When Schulz got back from the war, he began drawing a comic strip about children called "Li'l Folks," and when he sold it to a national syndicate they changed the name to "Peanuts." The first Peanuts strip appeared on October 2, 1950, and it showed a boy and a girl sitting on a curb, with Charlie Brown approaching from a distance. The boy says, "Here comes ol' Charlie Brown! Good ol' Charlie Brown. ... Yes, Sir." And then once Charlie Brown has passed by, the boy says, "How I hate him!"
In addition to Charlie Brown, "Peanuts" introduced the world to Linus, Schroeder, Lucy, Violet, and Snoopy, the dog. It became the most popular comic strip of all time, appearing in 2,600 newspapers and 75 countries, read by more than 335 million people everyday. Charles Schulz did all the drawing, inking, and lettering of his cartoons by himself, with no staff assistants. And he took almost no breaks in 50 years, even when his hand began to shake after he had heart surgery. He only decided to retire after he developed Parkinson's disease and was diagnosed with cancer. He died on February 12, 2000, the day before his last strip was set to run.
Charles Schulz said, "Most of us are much more acquainted with losing than we are with winning. Winning is great, but it isn't funny."

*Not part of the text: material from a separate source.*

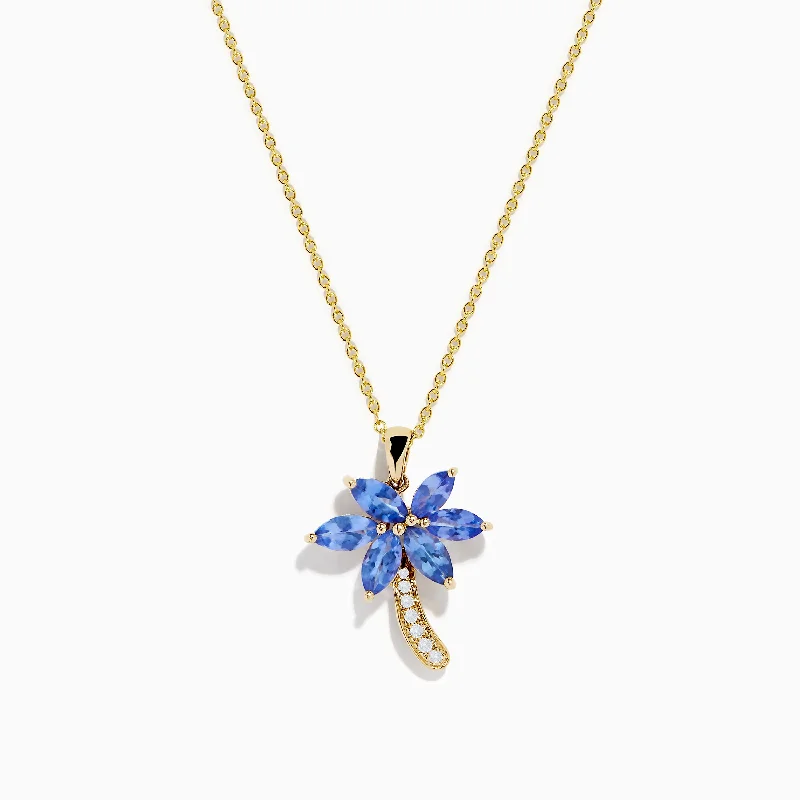 gold moon necklace-Nahla Siri 14K Yellow Gold Tanzanite and Diamond Palm Tree Pendant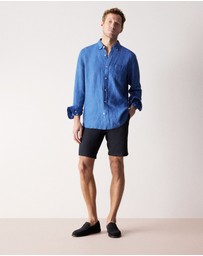 Trenery - Regular Fit Delave Linen Long Sleeve Shirt in Mineral Blue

It's the birthday of the novelist Marilynne Robinson, (books by this author) born in Sandpoint, Idaho (1943), whose first novel, Housekeeping (1980), was nominated for the Pulitzer and won a PEN/Hemingway award for best first novel of the year. Robinson seemed to have come out of nowhere, and people couldn't wait to see what she would write next. But instead of writing another novel, she wrote a book of nonfiction about nuclear waste in England, and a collection of essays about philosophy and theology. She took a teaching job in Iowa and worked on the side as a deacon at her church. It took her more than two decades to write her second novel, Gilead, which came out in 2004, and it won the Pulitzer Prize. It's the story of a Congregationalist preacher named John Ames who knows he is dying of heart disease and wants to write down his life story for his 6-year-old son.